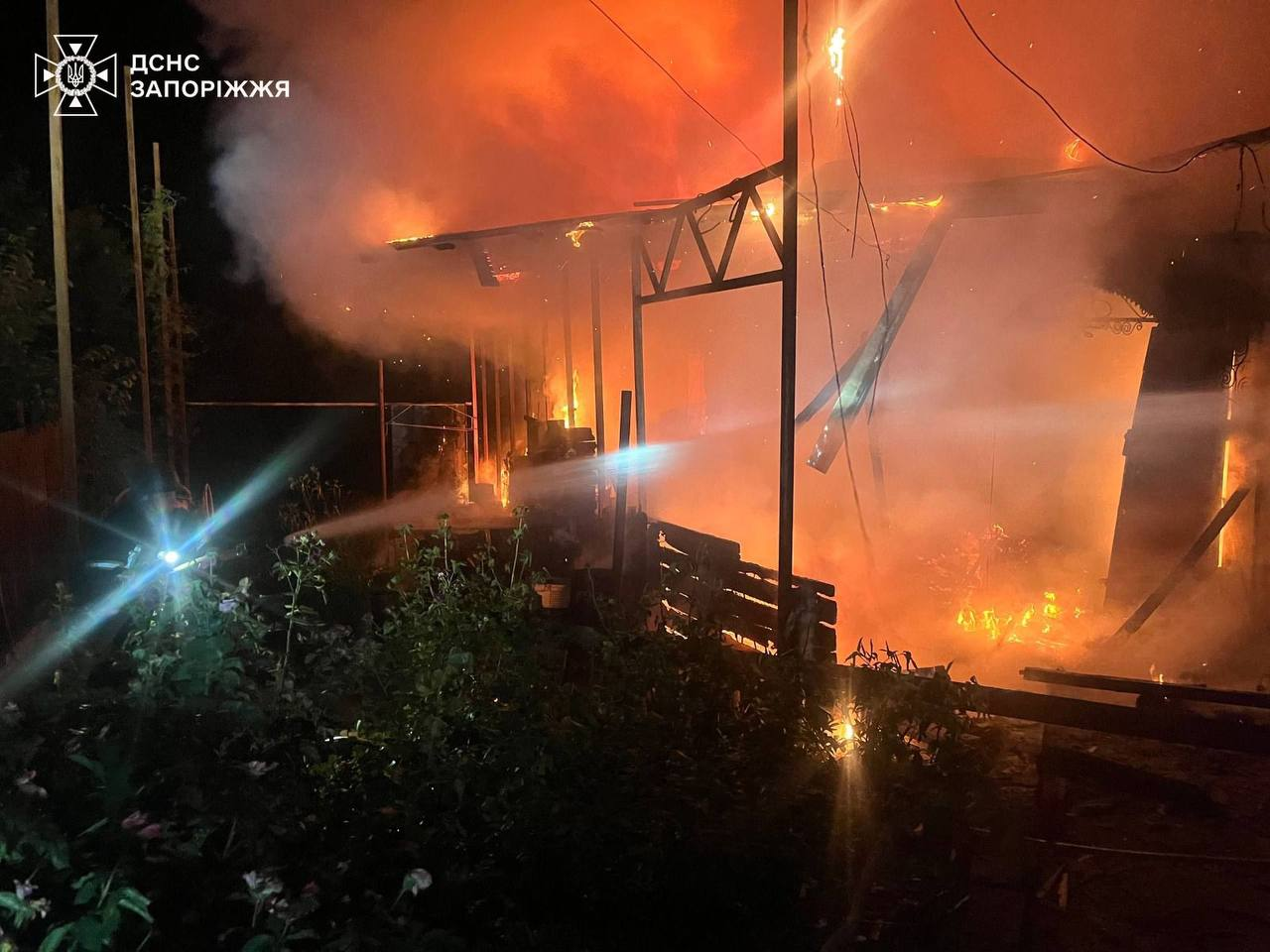 Рятувальники гасять потужну нічну пожежу, що охопила приватну будівлю, яка палає яскравим вогнем серед густого диму. У лівому верхньому кутку розміщено емблему та напис «ДСНС ЗАПОРОЖЖЯ».
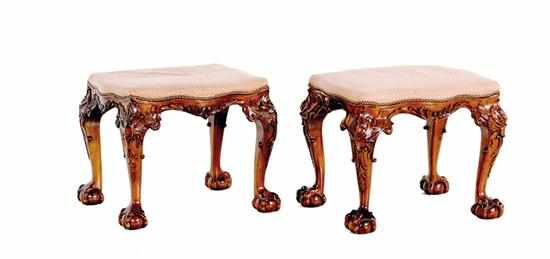 Appraisal: Pair Chippendale style mahogany footstools shaped upholstered cushion above carved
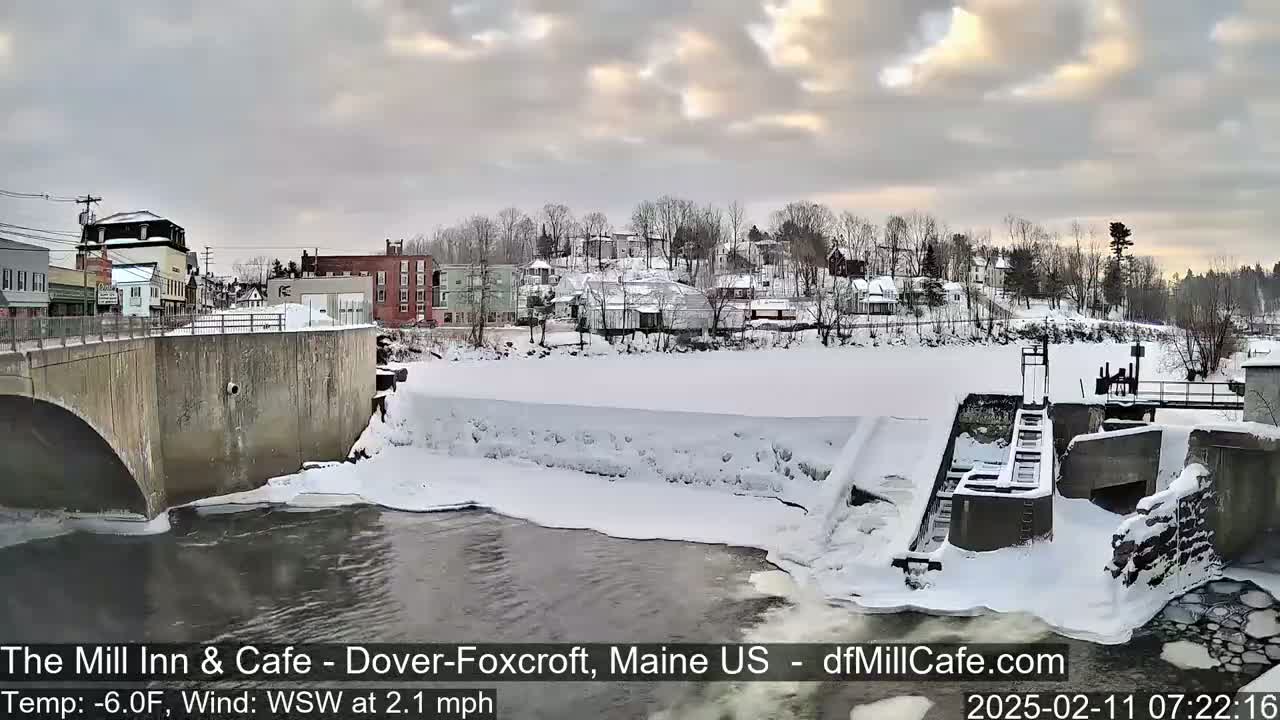 A snow-covered town sits beside a partially frozen river with a dam and lock system, under a cloudy sky with hints of sunrise.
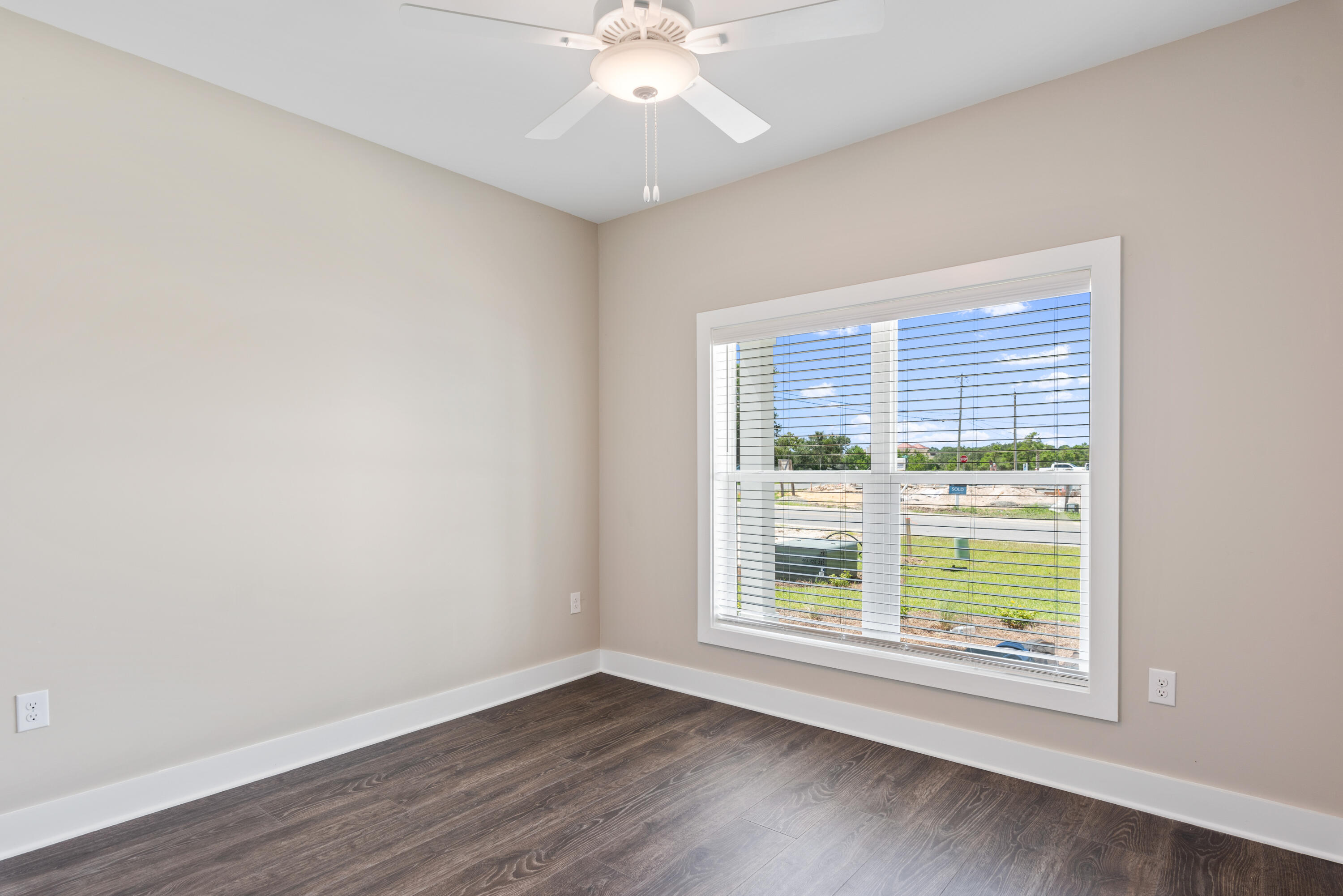 22801 Ann Miller Road Panama City Beach, FL 32413 - Photo 12 of 52 a view of an empty room with wooden floor and a window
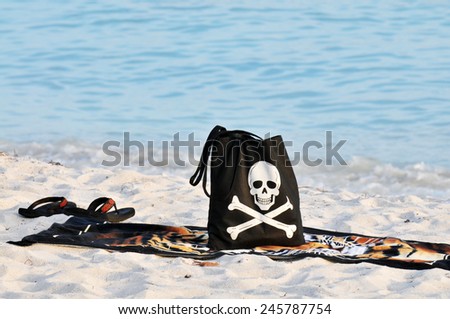 A black beach back with a smiling skull and crossbones with a towel and flip flops  on a sandy beach.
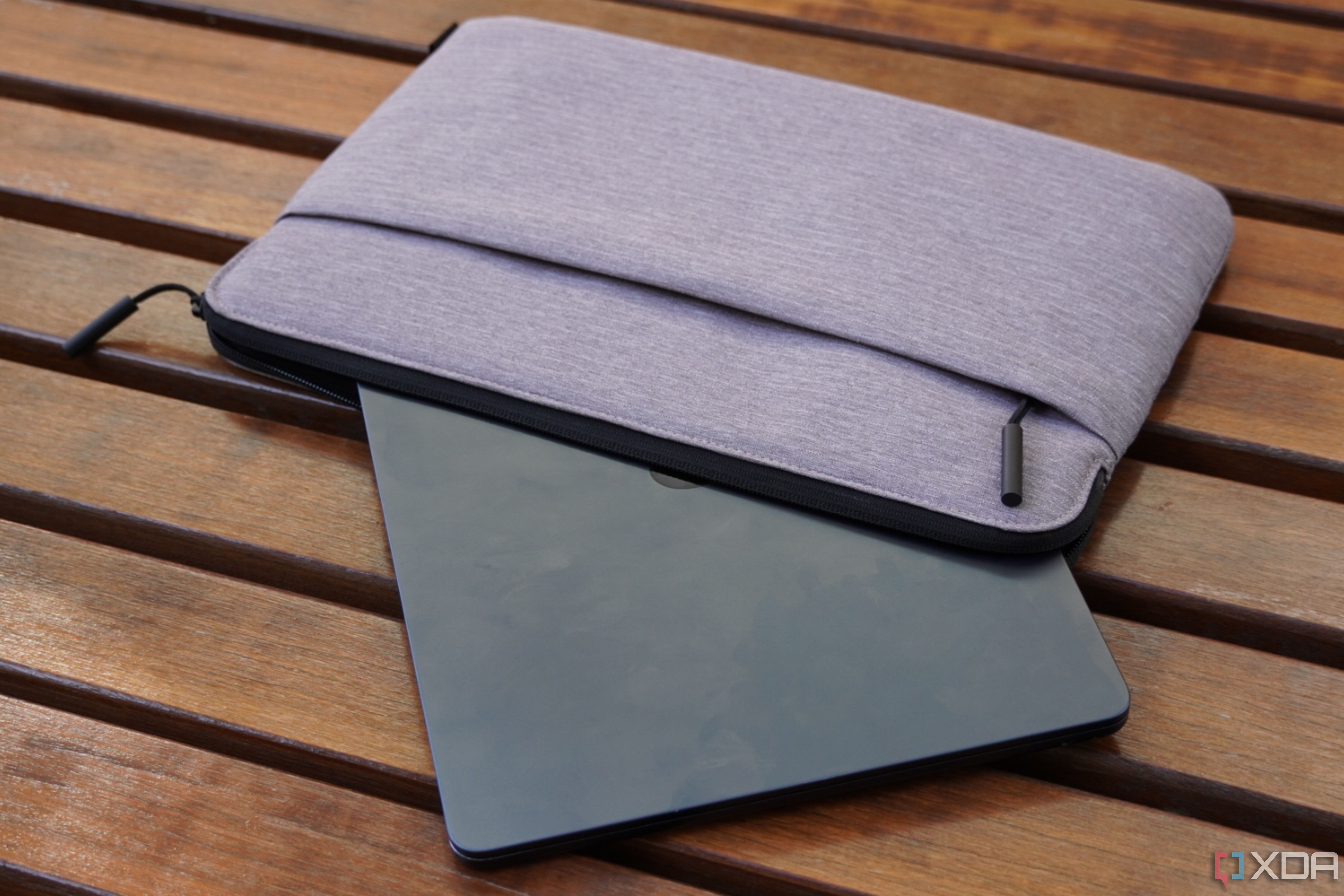 A MacBook Air half-inserted inside an Incase Go Sleeve 14.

= = = = =

[About this task]: The expected answer consists solely of the lines from the one with "22801 Ann Miller" through the last line of the listing above, restated exactly, minus any pictures.

[Solution below]:
 22801 Ann Miller Road Panama City Beach, FL 32413 - Photo 12 of 52 a view of an empty room with wooden floor and a window
 A black beach back with a smiling skull and crossbones with a towel and flip flops  on a sandy beach.
 A MacBook Air half-inserted inside an Incase Go Sleeve 14.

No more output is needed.